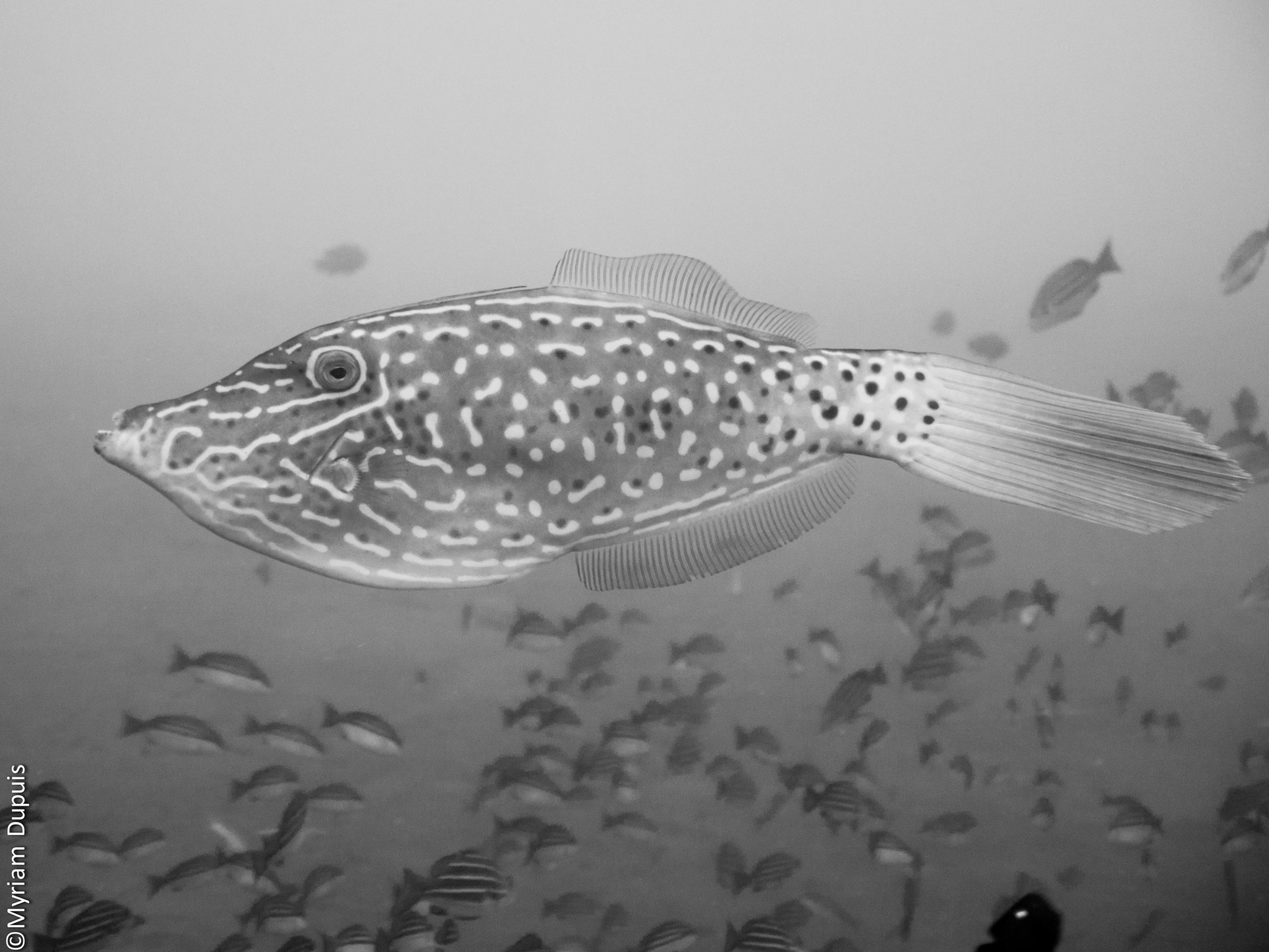 POISSON LIME GRIBOUILLE observé sur un spot de plongée à La Réunion
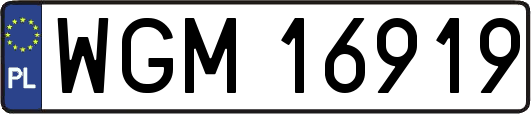 WGM16919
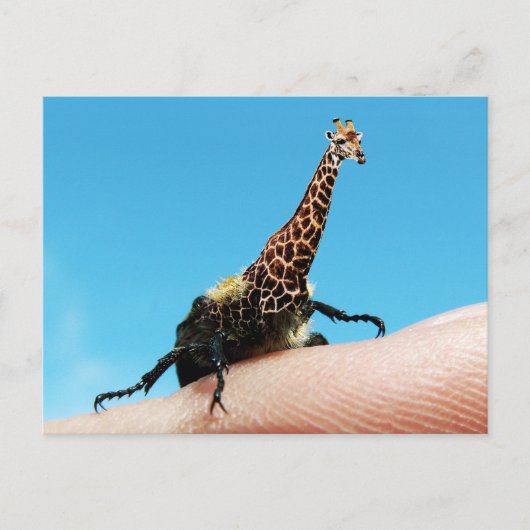 Postkarte Giraffebeetts (Vorderseite)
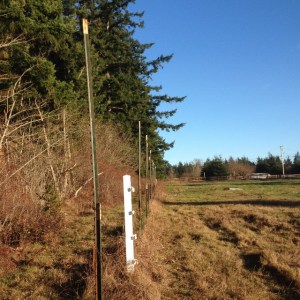 2015-01-07 001 027 (640x640)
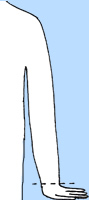 4045361_3008 (89x200, 5Kb)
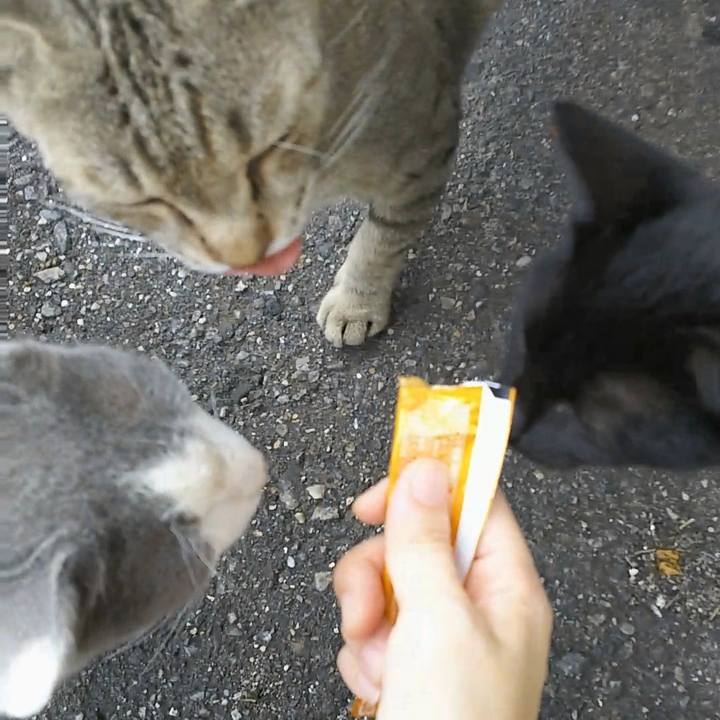 Ab5cd3ca f06d 4f9e 9a0e d16259625b92 1535431799404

WHAT IS NEEDED: Every entry should be repeated verbatim, with the pictures left out.

RESULT FOR THIS TASK:
 POISSON LIME GRIBOUILLE observé sur un spot de plongée à La Réunion
 WGM16919
 Postkarte Giraffebeetts (Vorderseite)
 2015-01-07 001 027 (640x640)
 4045361_3008 (89x200, 5Kb)
 Ab5cd3ca f06d 4f9e 9a0e d16259625b92 1535431799404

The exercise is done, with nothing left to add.